_WORK INSTRUCTION_:
A verbatim copy of the records is required, with all pictures left out.

_MATERIAL FOR THIS EXERCISE_:
===============

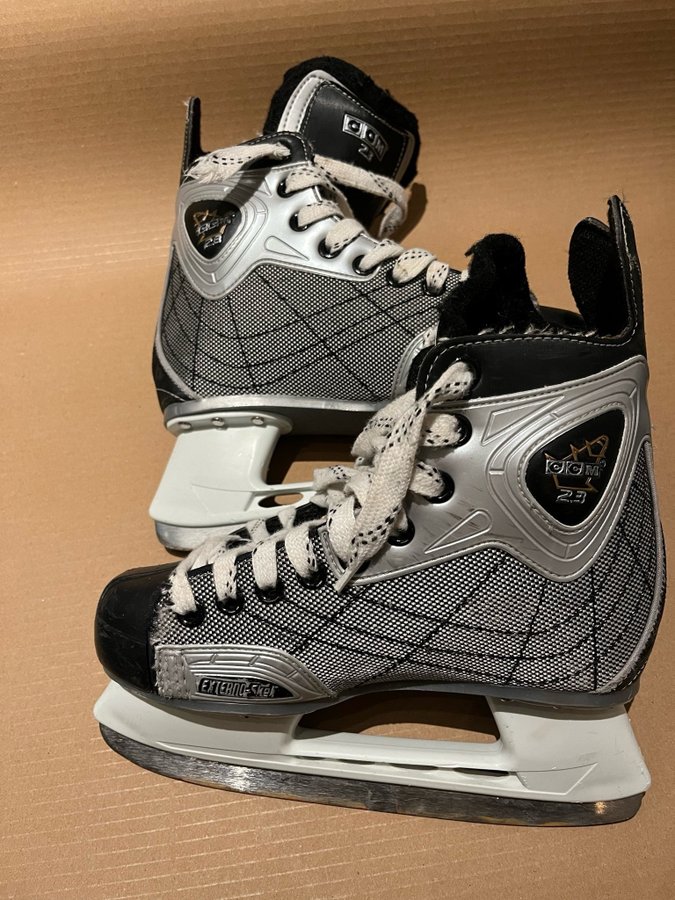 CCM 2.3 Ishockey Skridskor Storlek 35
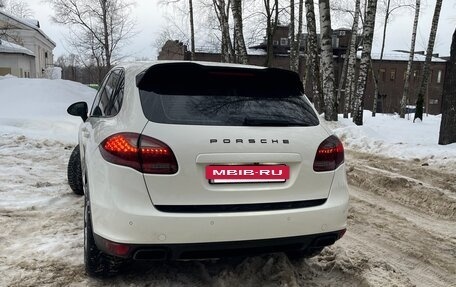 Porsche Cayenne III, 2011 год, 2 400 000 рублей, 6 фотография
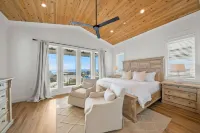 Summer Wind 7 Bedroom Home by RedAwning - Parking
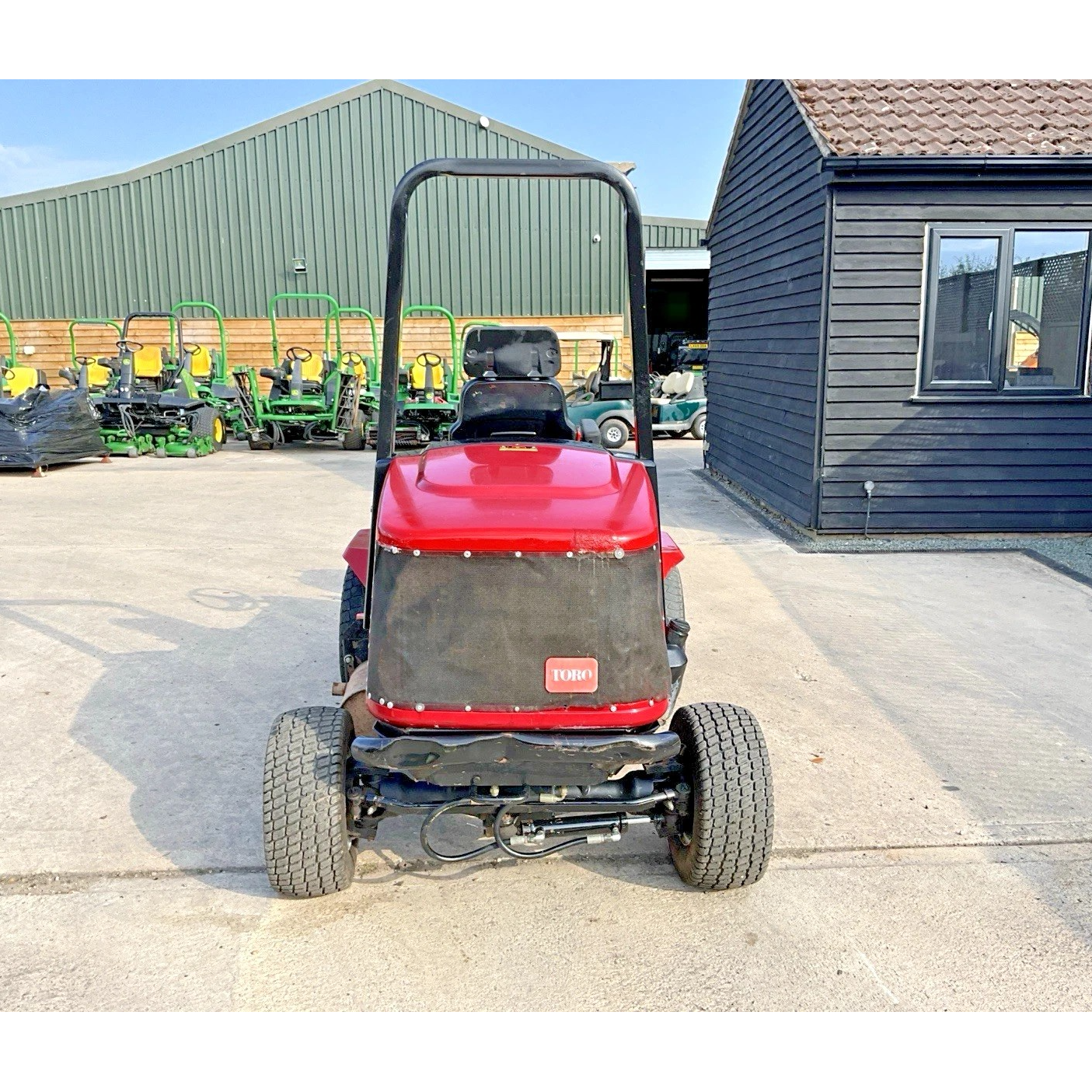TORO GROUNDSMASTER 3000D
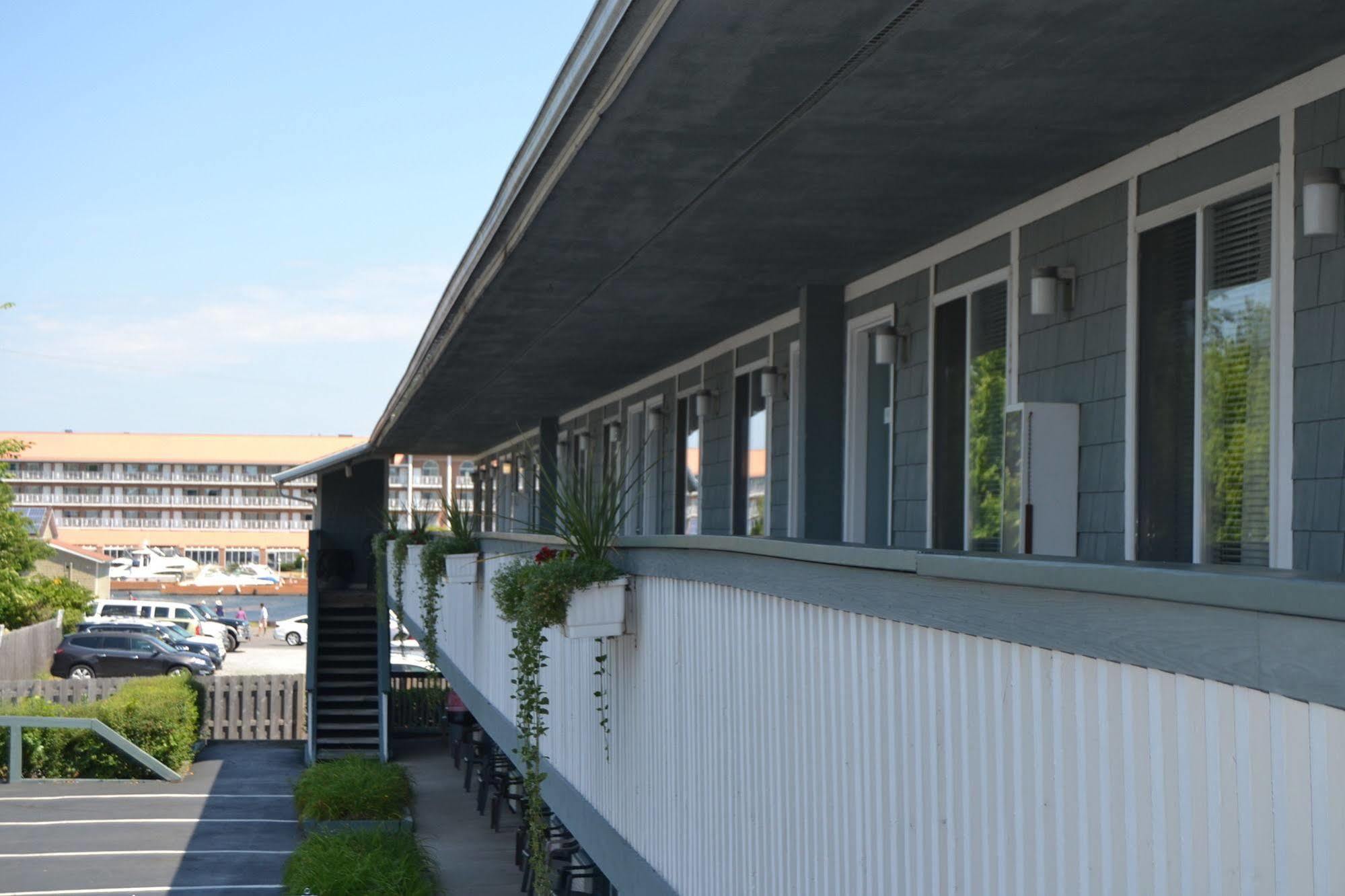 The Ship Motel Alexandria Bay Εξωτερικό φωτογραφία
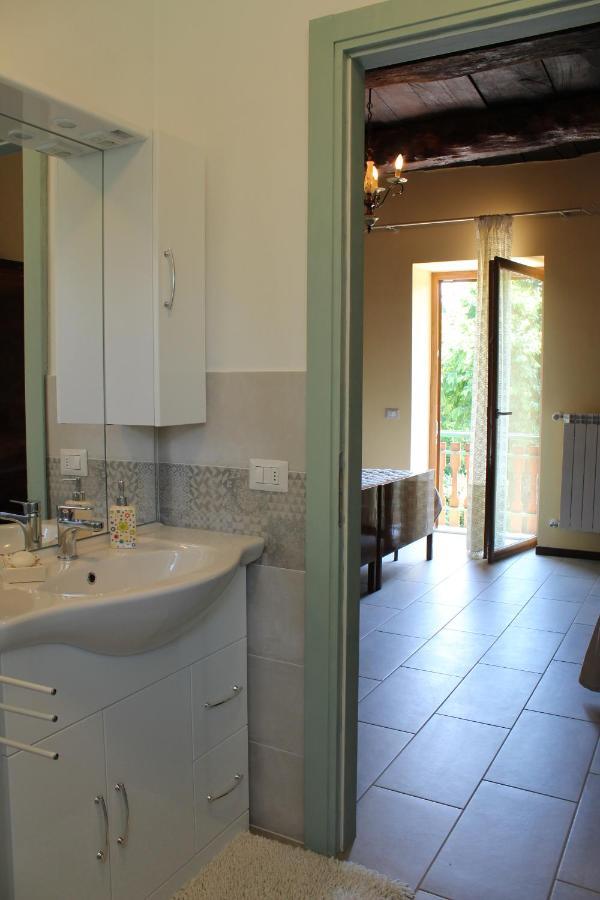 Bed and Breakfast Il Casolare Del Medio Olona Fagnano Olona Exterior foto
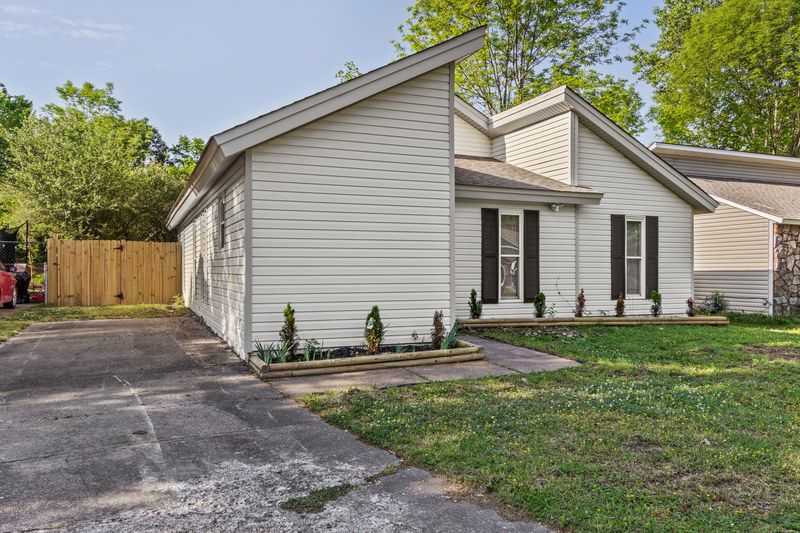 5697 Winter Tree Dr – photo 2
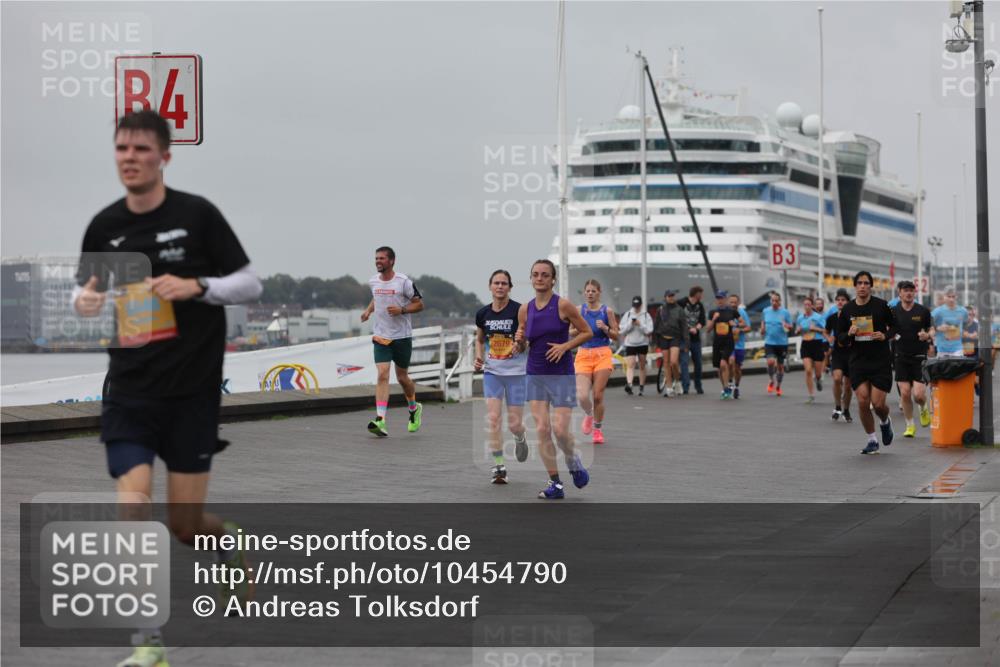 13.09.2026 - Kiel Lauf Andreas Tolksdorf http://msf.ph/oto/10454790 13.09.2026 11:54:49 Kiellinie 4, 12679, 3 meine-sportfotos.de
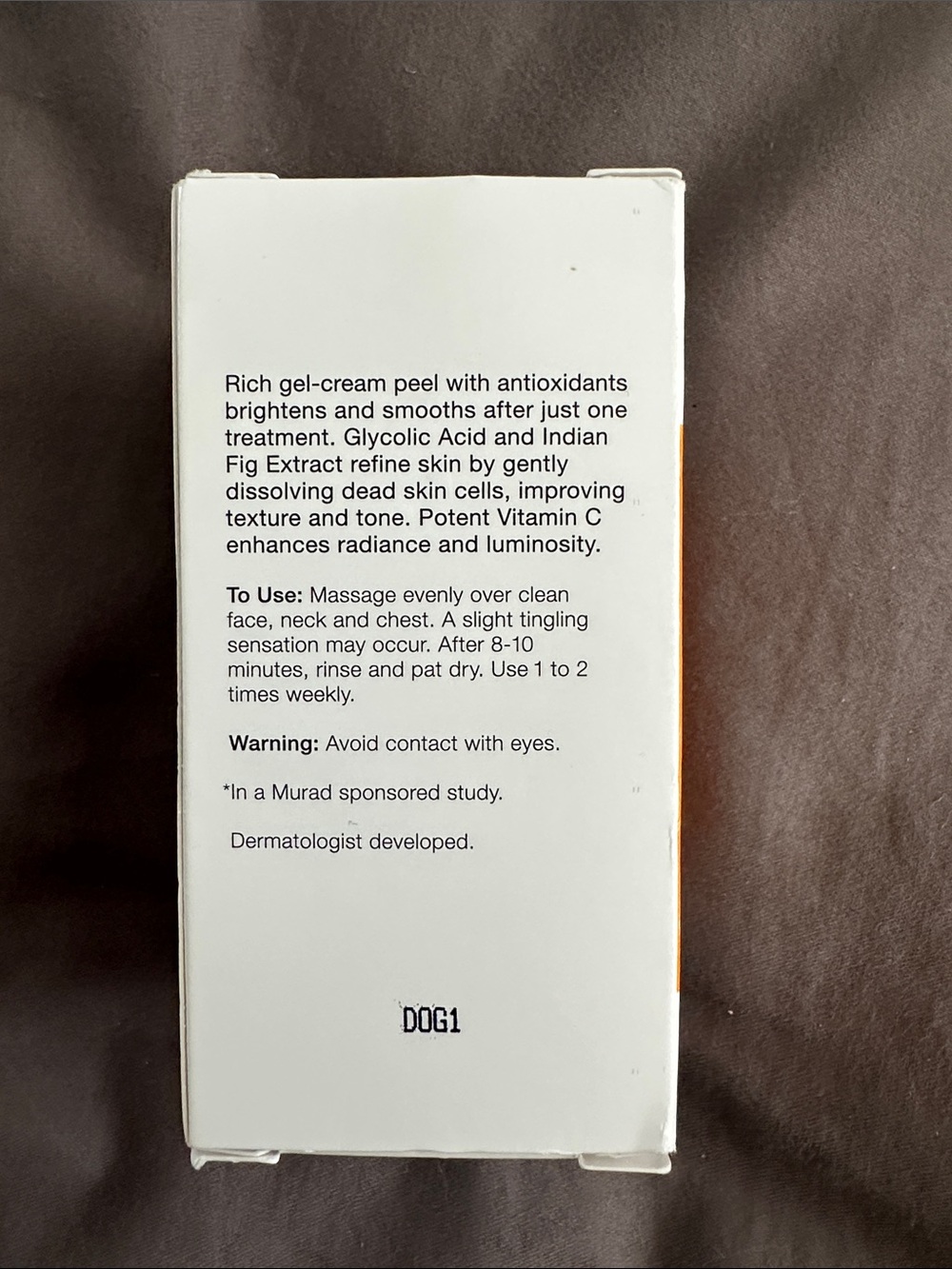 Murad Intensive-C Radiance Peel — Orange and White Pack - Picture 3 of 7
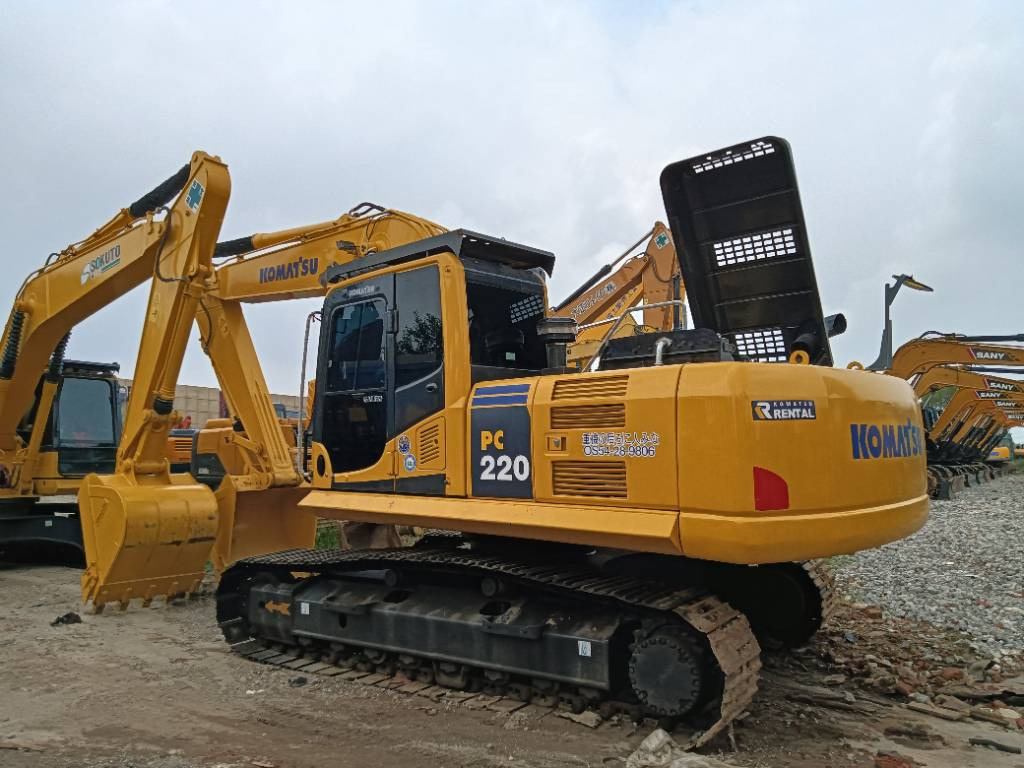 Komatsu PC 220-8 - Lintekskavaator: pilt 1 Komatsu PC 220-8 - Lintekskavaator: pilt 1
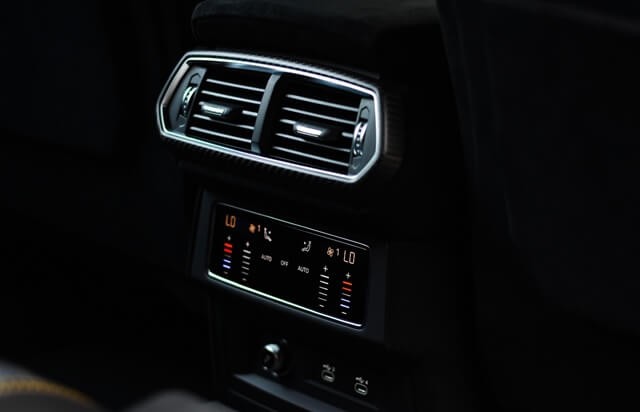 Lamborghini-Urus-Performante-cua-gio-dieu-hoa.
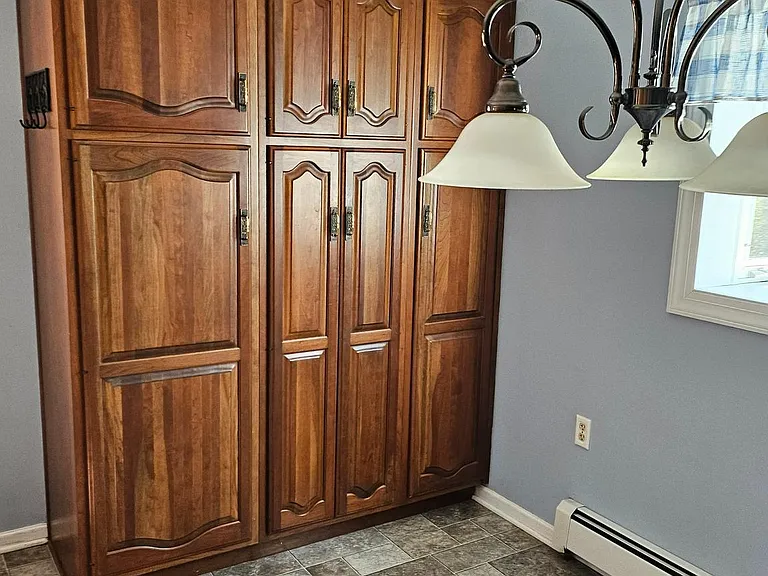242 S Sugan Rd — Photo 11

===============

_EXERCISE SOLUTION_:
 CCM 2.3 Ishockey Skridskor Storlek 35
 Porsche Cayenne III, 2011 год, 2 400 000 рублей, 6 фотография
 Summer Wind 7 Bedroom Home by RedAwning - Parking
TORO GROUNDSMASTER 3000D
 The Ship Motel Alexandria Bay Εξωτερικό φωτογραφία
 Bed and Breakfast Il Casolare Del Medio Olona Fagnano Olona Exterior foto
 5697 Winter Tree Dr – photo 2
 13.09.2026 - Kiel Lauf Andreas Tolksdorf http://msf.ph/oto/10454790 13.09.2026 11:54:49 Kiellinie 4, 12679, 3 meine-sportfotos.de
 Murad Intensive-C Radiance Peel — Orange and White Pack - Picture 3 of 7
 Komatsu PC 220-8 - Lintekskavaator: pilt 1 Komatsu PC 220-8 - Lintekskavaator: pilt 1
 Lamborghini-Urus-Performante-cua-gio-dieu-hoa.
242 S Sugan Rd — Photo 11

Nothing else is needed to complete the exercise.